The biggest surprise for me has been how a man who was struggling with his health and frequently talking about quitting has been in a sense liberated by his decision not to keep fighting his ailments. Gene seems more connected today, after making the decision to go into home hospice care, than he was when he was trying to recover. He's able to enjoy life more, to appreciate his family and friends. He even took a two-week vacation in Maui - with his laptop, of course - where he savored the rainbows and whales. It was heaven on earth and even this old man who had trouble walking could enjoy it - and share the experience with his readers.

Gene will occasionally ask me whether the column is still OK, whether people are still interested. My sense is that because of his unusual ability to communicate simply and directly about his own personal experience, readers will not tire of it.
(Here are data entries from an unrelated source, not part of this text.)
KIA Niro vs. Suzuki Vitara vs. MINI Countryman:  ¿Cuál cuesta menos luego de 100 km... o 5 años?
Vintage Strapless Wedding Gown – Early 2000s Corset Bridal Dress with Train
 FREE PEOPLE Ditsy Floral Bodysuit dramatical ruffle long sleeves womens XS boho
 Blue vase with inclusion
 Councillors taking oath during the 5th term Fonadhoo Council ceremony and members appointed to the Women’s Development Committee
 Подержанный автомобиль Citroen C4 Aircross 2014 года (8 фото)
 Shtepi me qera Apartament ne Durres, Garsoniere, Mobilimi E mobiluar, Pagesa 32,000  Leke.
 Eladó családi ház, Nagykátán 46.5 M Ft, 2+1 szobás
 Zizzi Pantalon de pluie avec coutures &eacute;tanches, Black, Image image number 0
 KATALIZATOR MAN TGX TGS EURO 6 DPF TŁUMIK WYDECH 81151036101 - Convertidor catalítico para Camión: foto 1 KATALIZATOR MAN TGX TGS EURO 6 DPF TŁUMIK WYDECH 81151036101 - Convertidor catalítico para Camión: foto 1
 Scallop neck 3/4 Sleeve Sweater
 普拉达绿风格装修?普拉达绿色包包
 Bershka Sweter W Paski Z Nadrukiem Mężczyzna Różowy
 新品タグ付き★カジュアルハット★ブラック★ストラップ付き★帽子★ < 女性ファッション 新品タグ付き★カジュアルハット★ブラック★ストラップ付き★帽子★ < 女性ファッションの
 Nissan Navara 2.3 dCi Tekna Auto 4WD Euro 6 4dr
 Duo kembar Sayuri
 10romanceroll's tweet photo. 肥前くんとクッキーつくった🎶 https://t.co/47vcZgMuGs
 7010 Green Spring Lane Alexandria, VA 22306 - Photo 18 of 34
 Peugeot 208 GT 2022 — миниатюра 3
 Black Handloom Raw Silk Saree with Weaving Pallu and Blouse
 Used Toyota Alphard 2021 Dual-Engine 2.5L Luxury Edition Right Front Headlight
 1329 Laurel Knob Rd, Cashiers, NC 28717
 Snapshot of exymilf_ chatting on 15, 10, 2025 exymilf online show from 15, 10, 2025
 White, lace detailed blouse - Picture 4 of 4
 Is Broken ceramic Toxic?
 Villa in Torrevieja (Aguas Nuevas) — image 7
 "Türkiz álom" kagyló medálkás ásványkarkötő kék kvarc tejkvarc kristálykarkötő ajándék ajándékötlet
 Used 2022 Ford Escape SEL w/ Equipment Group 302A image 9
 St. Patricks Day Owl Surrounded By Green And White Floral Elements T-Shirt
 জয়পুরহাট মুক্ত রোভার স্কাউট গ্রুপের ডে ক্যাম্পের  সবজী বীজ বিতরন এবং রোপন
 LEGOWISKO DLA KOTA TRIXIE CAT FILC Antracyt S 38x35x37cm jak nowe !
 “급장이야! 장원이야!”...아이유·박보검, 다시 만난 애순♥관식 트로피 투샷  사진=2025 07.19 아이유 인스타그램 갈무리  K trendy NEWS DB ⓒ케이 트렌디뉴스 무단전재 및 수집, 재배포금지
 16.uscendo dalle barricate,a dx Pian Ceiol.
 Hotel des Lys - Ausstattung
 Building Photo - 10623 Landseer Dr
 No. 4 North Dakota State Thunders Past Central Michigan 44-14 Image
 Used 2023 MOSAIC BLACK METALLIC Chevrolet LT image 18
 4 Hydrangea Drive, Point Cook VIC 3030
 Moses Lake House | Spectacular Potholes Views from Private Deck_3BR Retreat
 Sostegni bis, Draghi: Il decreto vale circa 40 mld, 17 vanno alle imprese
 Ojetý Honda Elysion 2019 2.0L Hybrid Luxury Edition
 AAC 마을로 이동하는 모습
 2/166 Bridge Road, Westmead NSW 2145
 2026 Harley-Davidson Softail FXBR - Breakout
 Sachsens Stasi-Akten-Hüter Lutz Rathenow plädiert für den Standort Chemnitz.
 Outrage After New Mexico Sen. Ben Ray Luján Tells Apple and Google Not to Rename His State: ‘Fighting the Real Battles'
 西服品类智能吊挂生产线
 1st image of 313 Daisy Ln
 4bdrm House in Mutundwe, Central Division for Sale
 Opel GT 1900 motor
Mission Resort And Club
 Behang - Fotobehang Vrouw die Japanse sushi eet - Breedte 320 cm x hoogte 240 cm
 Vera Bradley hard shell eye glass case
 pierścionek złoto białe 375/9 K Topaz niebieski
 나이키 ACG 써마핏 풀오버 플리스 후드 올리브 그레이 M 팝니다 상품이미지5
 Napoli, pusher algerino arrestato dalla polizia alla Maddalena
The question will be whether Gene loses the strength or the mental acuity to keep writing. We have an agreement that I will tell him when I believe he's lost it and he will listen to me.

The experience of working with Gene and his editor, Jim Trotter, on this diary has taught me again the importance of the personal in journalism. Readers respond to honest writing about life's basic experiences, about things that we're all going to go through. The human contact he provides is a reason people value their newspaper and come back to it day after day. How do you know when it might be appropriate for a journalist to tell such a personal story?

Obviously there's no easy answer. But I would advise editors to err on the side of publishing. You need to know whether the writer is skillful enough to share the experience. You also need to know that this kind of column takes a different kind of editing. It's not an opinion column in the traditional sense. Where are you going to draw the line? There have been topics that we've realized would not have wide interest, even if they're important to Gene. Bodily functions, for example.

But with someone so experienced in making columns out of his life, achieving this balance has not been a struggle. Ultimately, the hardest thing has been the knowledge that it has to end. I am sharing something very intimate with a friend I've come to love. Our readers are doing the same. "You will live forever in so many hearts and so many stories," one colleague wrote him. Sounds like a pretty good ending to me.


John Temple is editor and publisher of The Rocky Mountain News.